Read Between the Layers: Leveraging Multi-Layer Representations for Rehearsal-Free Continual Learning with Pre-Trained Models
Kyra Ahrens, Hans Hergen Lehmann, Jae Hee Lee, Stefan Wermter
TL;DR
This work tackles rehearsal-free continual learning with pre-trained models by leveraging intermediate representations from multiple layers. It introduces LayUP, a simple yet effective class-prototype method that constructs prototypes from concatenated multi-layer features and decorrelates them via second-order Gram statistics, paired with first-session adaptation through PETL. The approach enables robust performance across CIL, DIL, and OCL benchmarks while reducing memory and compute costs compared to existing baselines, and it also serves as a versatile plug-in to enhance other prototype methods.
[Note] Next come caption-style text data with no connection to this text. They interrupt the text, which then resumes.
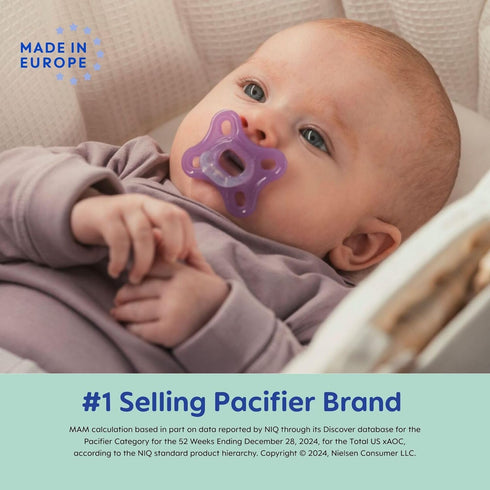 MAM Comfort Baby Pacifiers, Lightweight One-Piece Full Silicone Binky for Newborns 0-3 Months, BPA-Free Nipple, Easy to Clean Pacifier, Best for B...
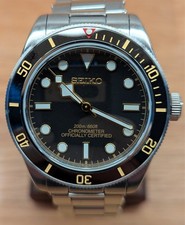 Premium Custom Seiko Black Bay MOD Vintage style diver with riveted style bracel
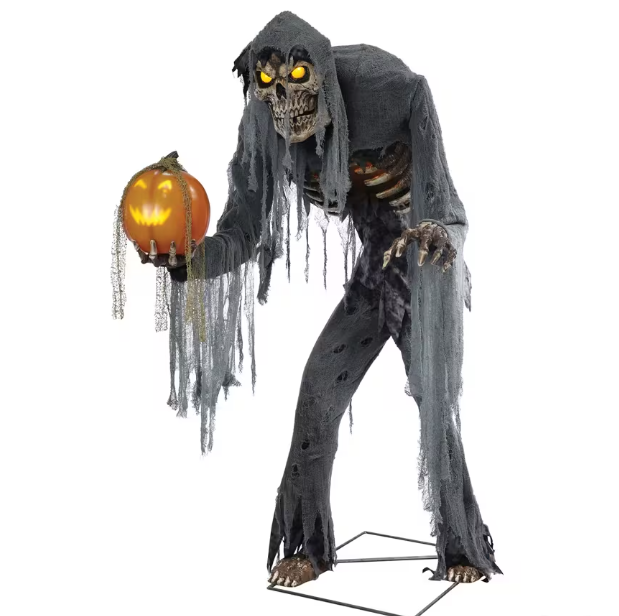 7 Ft. Animated Prowling Jack Skeleton Halloween Prop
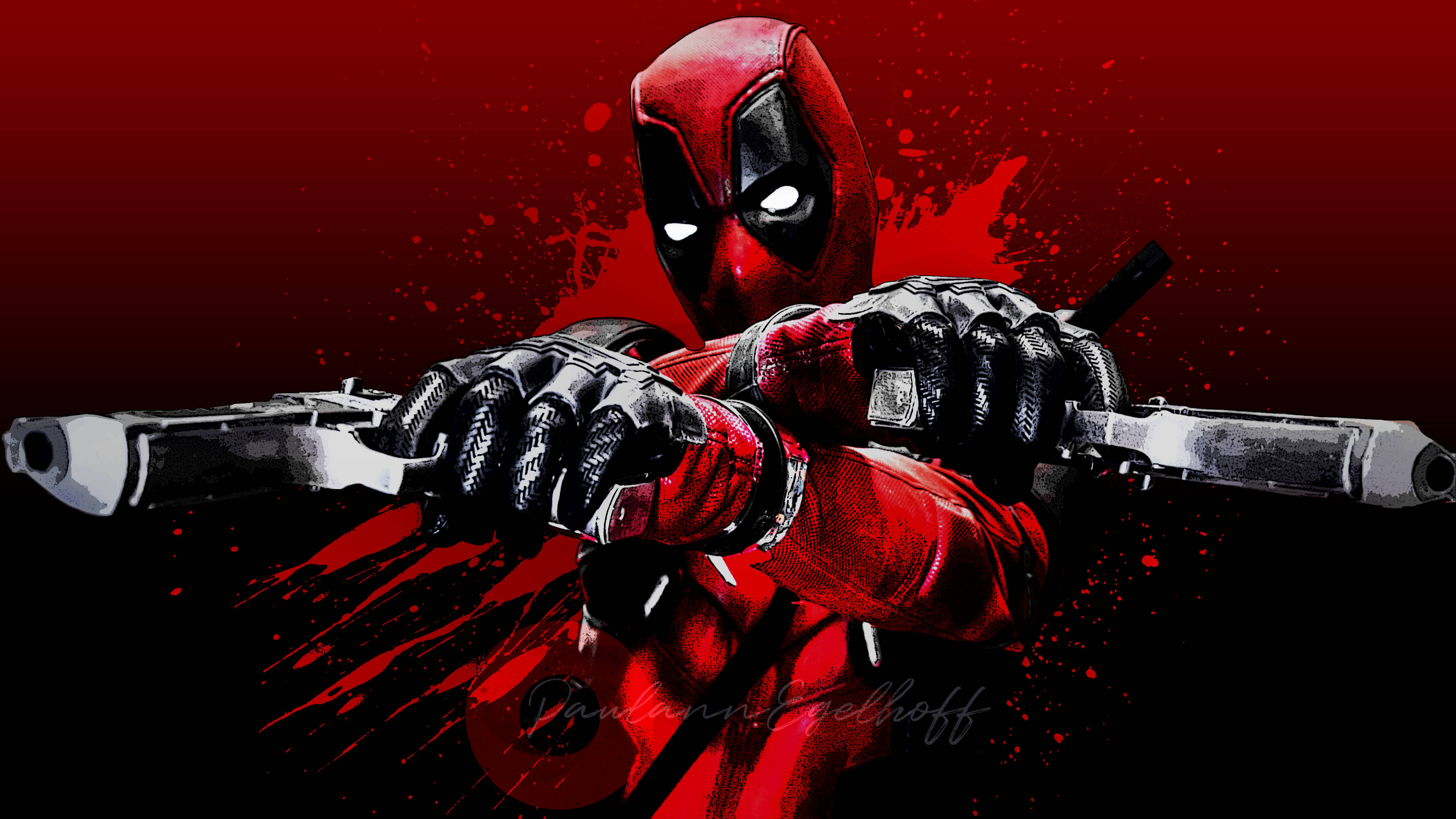 4K Deadpool, red suit, dual pistols, 4K Desktop Wallpaper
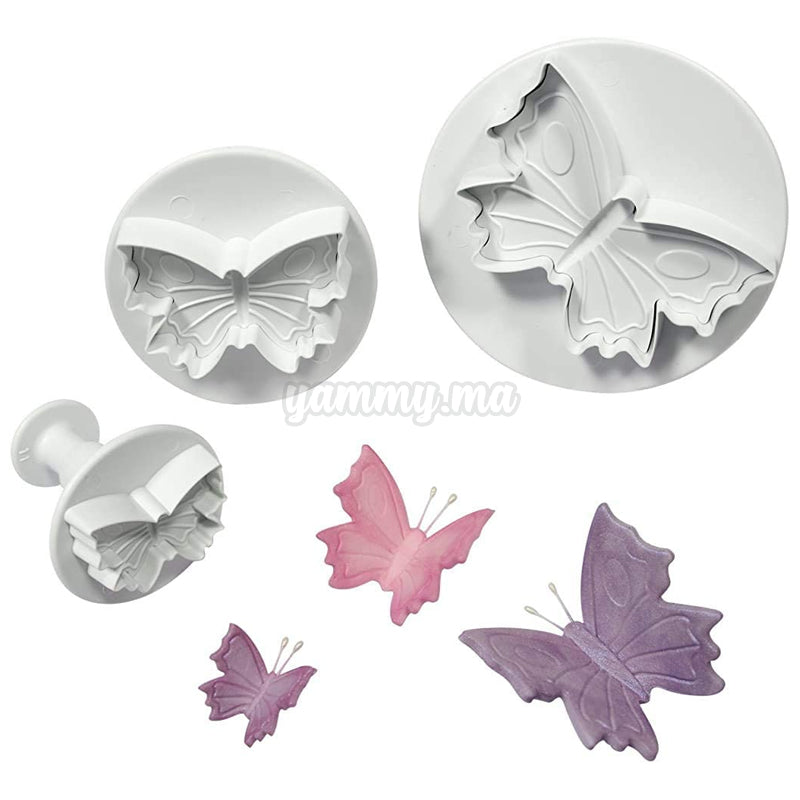Set 3 Emporte-pièces avec Poussoir Papillon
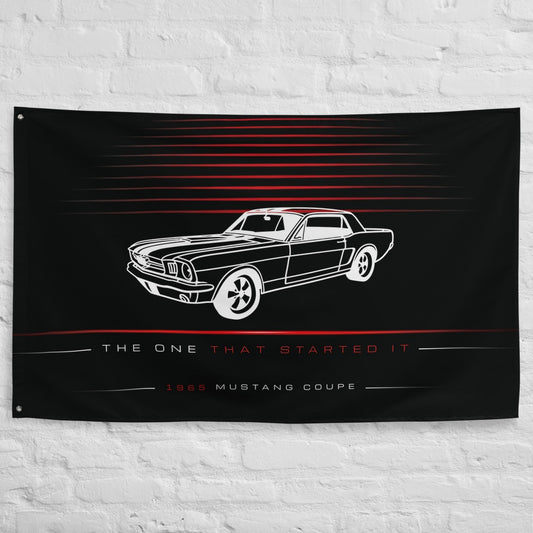 Ford Mustang Coupe 1965 car silhouette flag - White Brick Wall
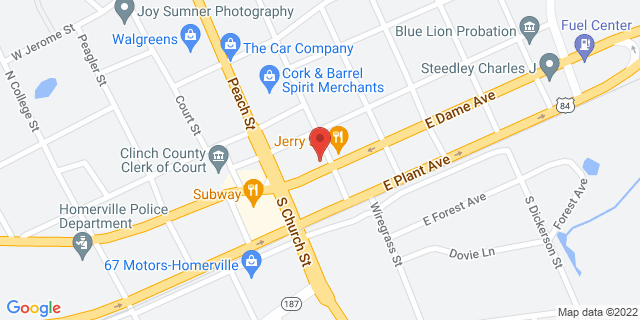 57 E Dame Ave, Homerville, Georgia, GA, 31634-9998 Map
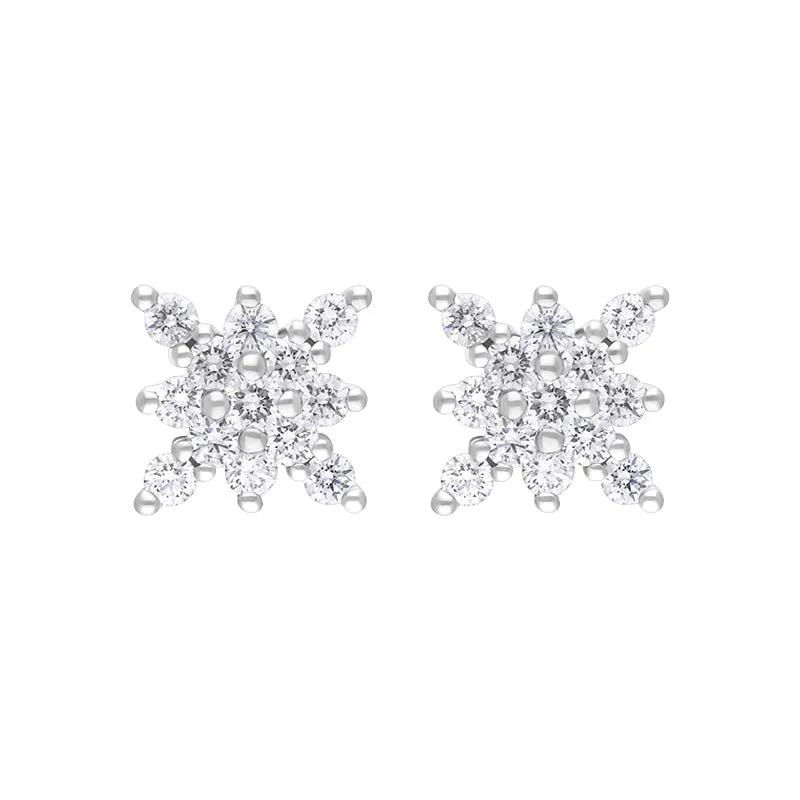 18ct White Gold 0.68ct Diamond Star Cluster Earrings sold by Jura Watches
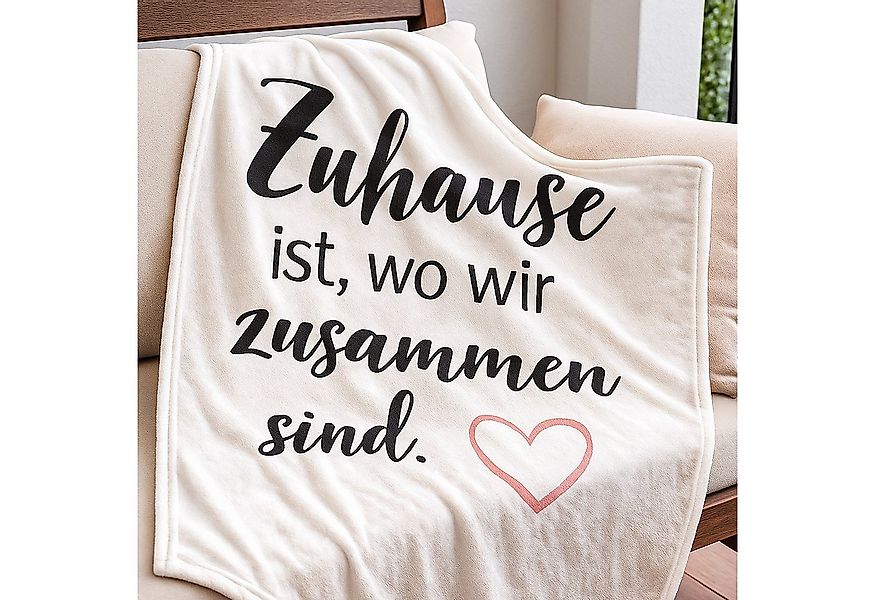 Wohndecke Flanell mit Spruch "Zuhause", Bestlivings, 130x160cm, flauschig, günstig online kaufen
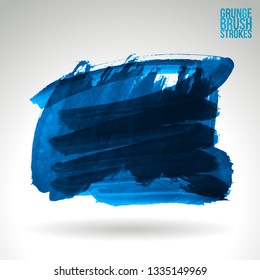 Blue brush stroke and texture. Grunge vector abstract hand - painted element. Underline and border design.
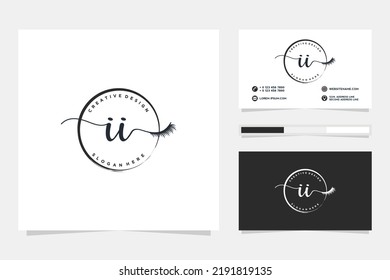 Feminine II Initials logo collection  with business card template.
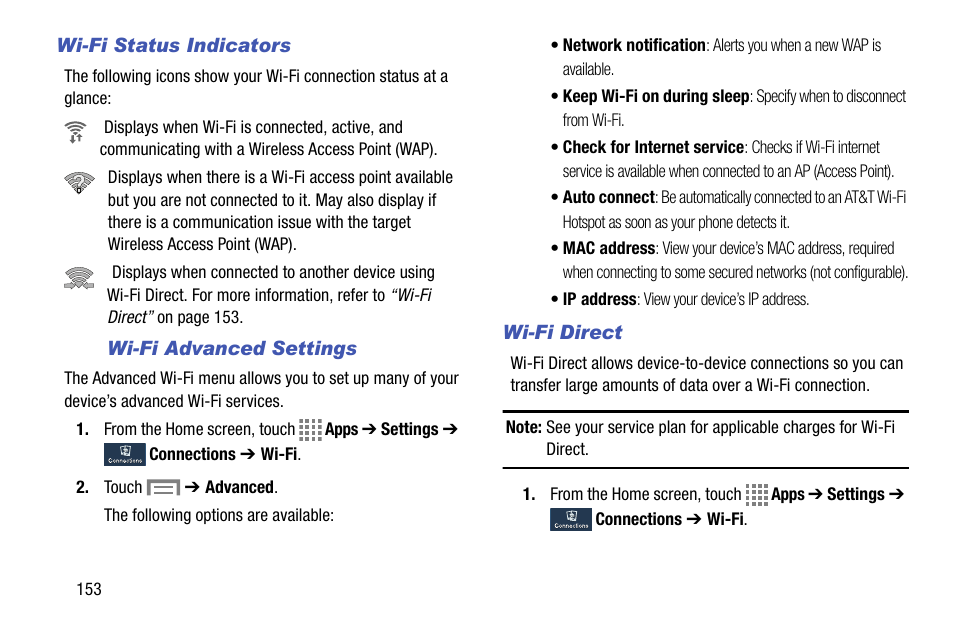 Wi-fi status indicators, Wi-fi advanced settings, Wi-fi direct | For more information, refer to “wi-fi direct” on | Samsung SM-C105AZWAATT User Manual | Page 160 / 230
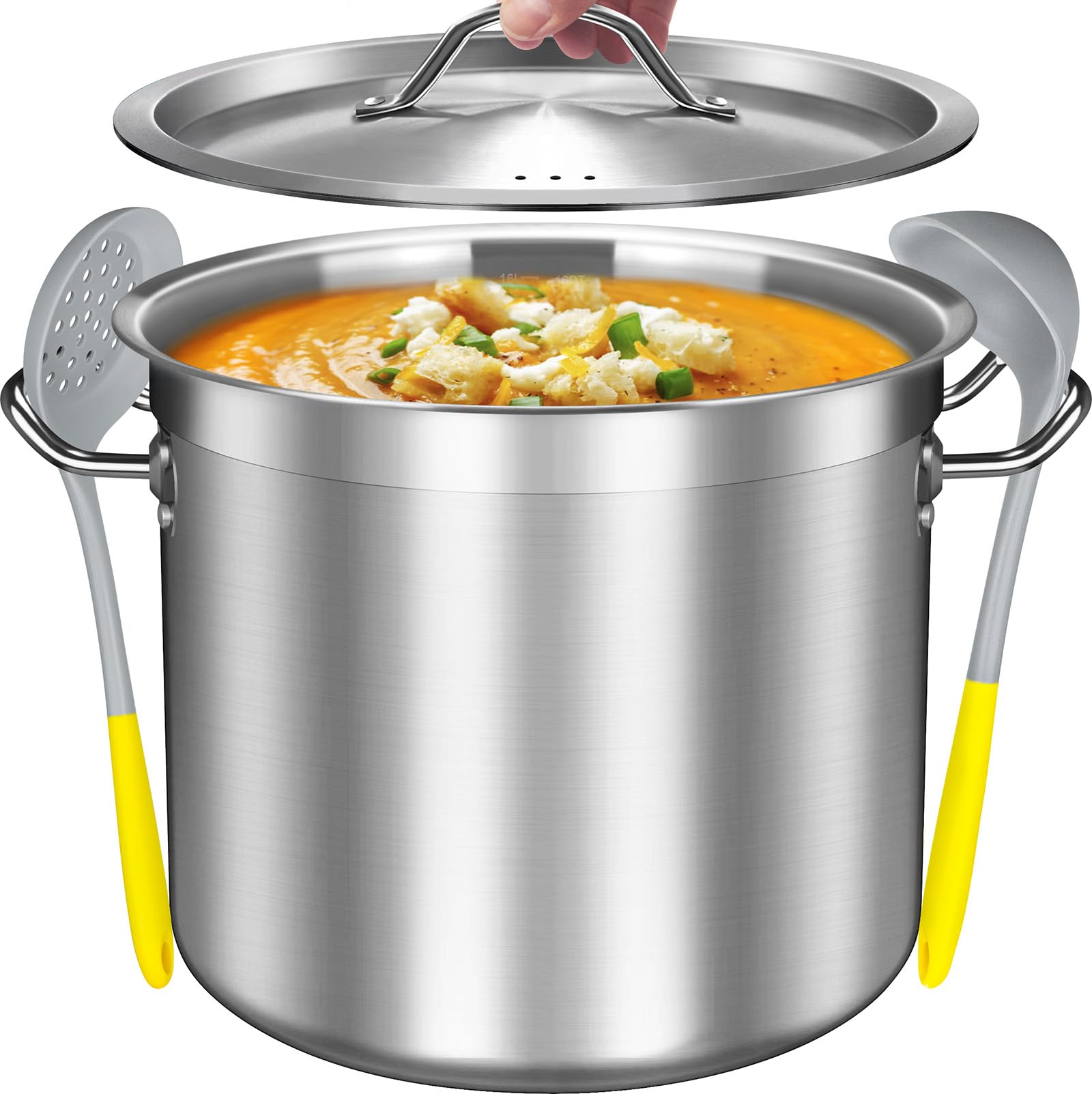 Large Stock Pot with Lid - 24 Quart Stainless Steel Stockpot Heavy Duty Cooking Pot, Soup Pot with Lid, Big Pots for Cooking, Induction Pot Stew Pot Pozole Pot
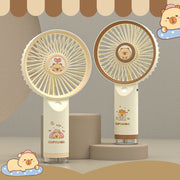 USB Rechargeable Handheld Fan with Playful Capybara Design – Quiet Adjustable-Speed Personal Cooling for Travel, Commute, Outdoor Events & Festivals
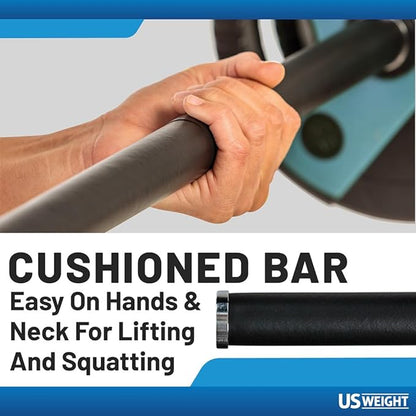 US Weight 54 LB Perfect Barbell Weight Set 55” padded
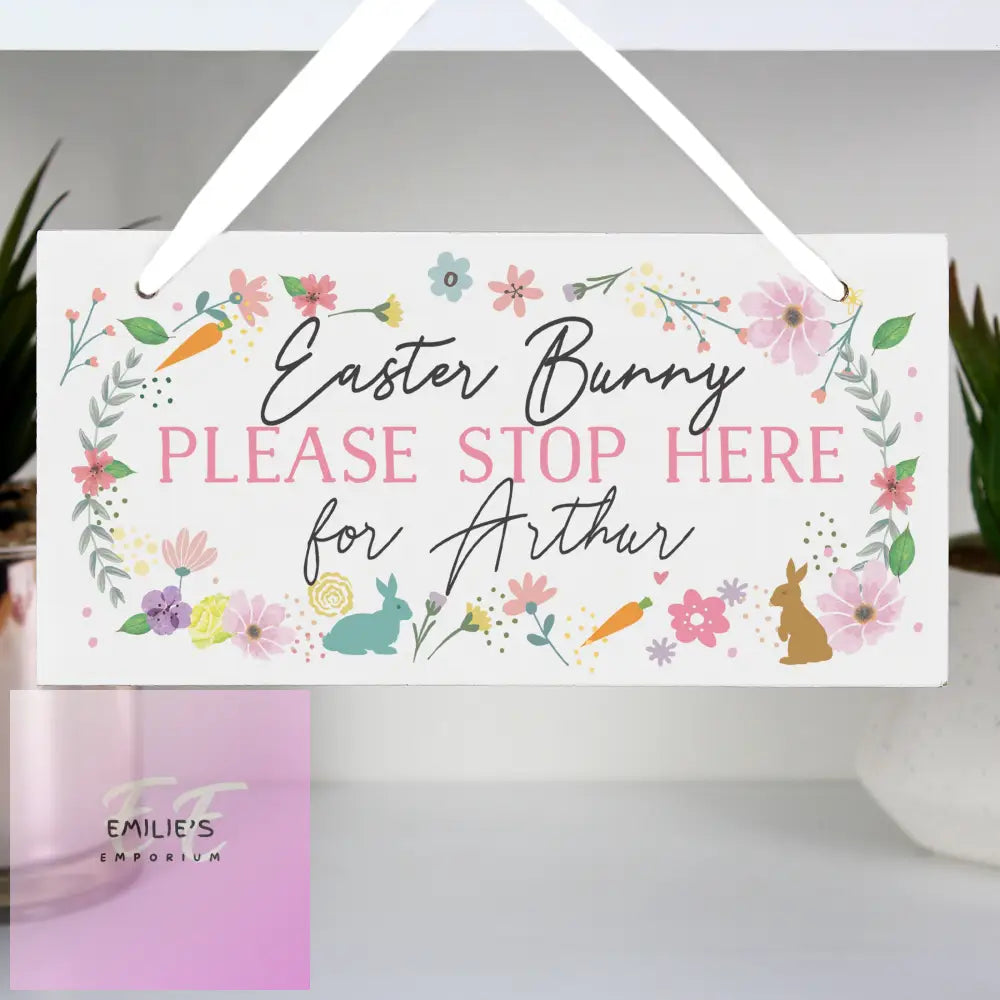 Personalised Easter Springtime Wooden Sign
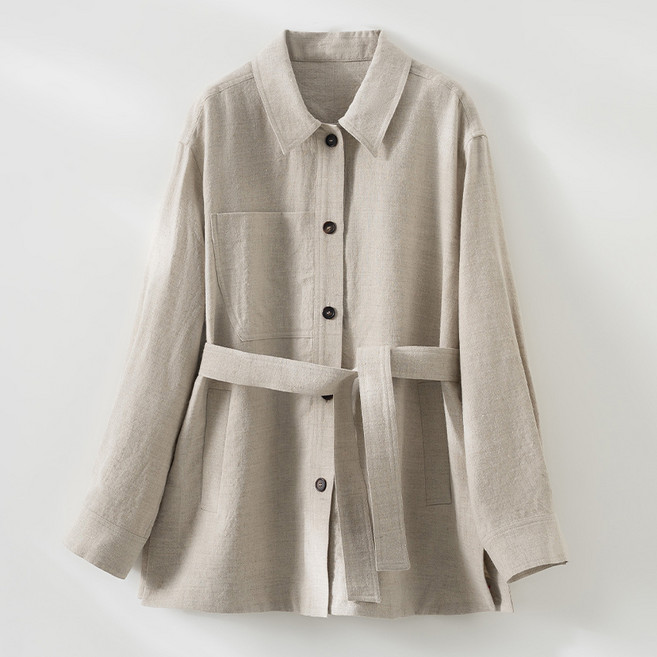 【輕奢顯瘦】亞麻襯衫 襯衫外套 女式襯衫 休閒襯衫 氣質襯衫 寬鬆版型 繫腰帶設計 高級感通勤 26春季新款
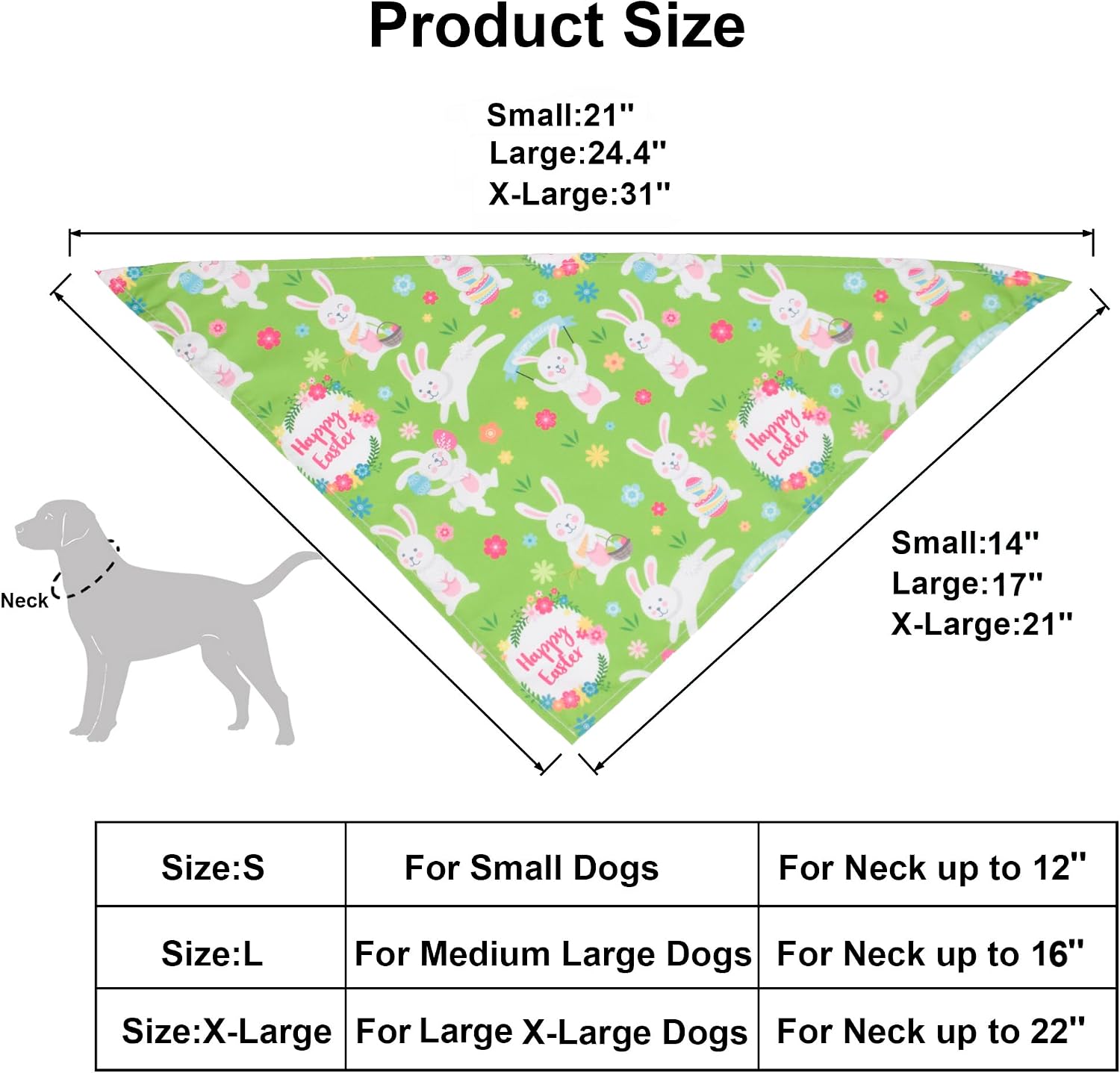 Easter Dog Bandanas 4 PCS, Rabbit And Easter Egg Pattern Triangle Pet Scarves For Medium And Large Dogs, Large — image 4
The results demonstrate that fully exploiting pre-trained representations across layers can significantly improve domain transfer and continual learning under limited data scenarios.
Abstract
We address the Continual Learning (CL) problem, wherein a model must learn a sequence of tasks from non-stationary distributions while preserving prior knowledge upon encountering new experiences. With the advancement of foundation models, CL research has pivoted from the initial learning-from-scratch paradigm towards utilizing generic features from large-scale pre-training. However, existing approaches to CL with pre-trained models primarily focus on separating class-specific features from the final representation layer and neglect the potential of intermediate representations to capture low- and mid-level features, which are more invariant to domain shifts. In this work, we propose LayUP, a new prototype-based approach to CL that leverages second-order feature statistics from multiple intermediate layers of a pre-trained network. Our method is conceptually simple, does not require access to prior data, and works out of the box with any foundation model. LayUP surpasses the state of the art in four of the seven class-incremental learning benchmarks, all three domain-incremental learning benchmarks and in six of the seven online continual learning benchmarks, while significantly reducing memory and computational requirements compared to existing baselines. Our results demonstrate that fully exhausting the representational capacities of pre-trained models in CL goes well beyond their final embeddings.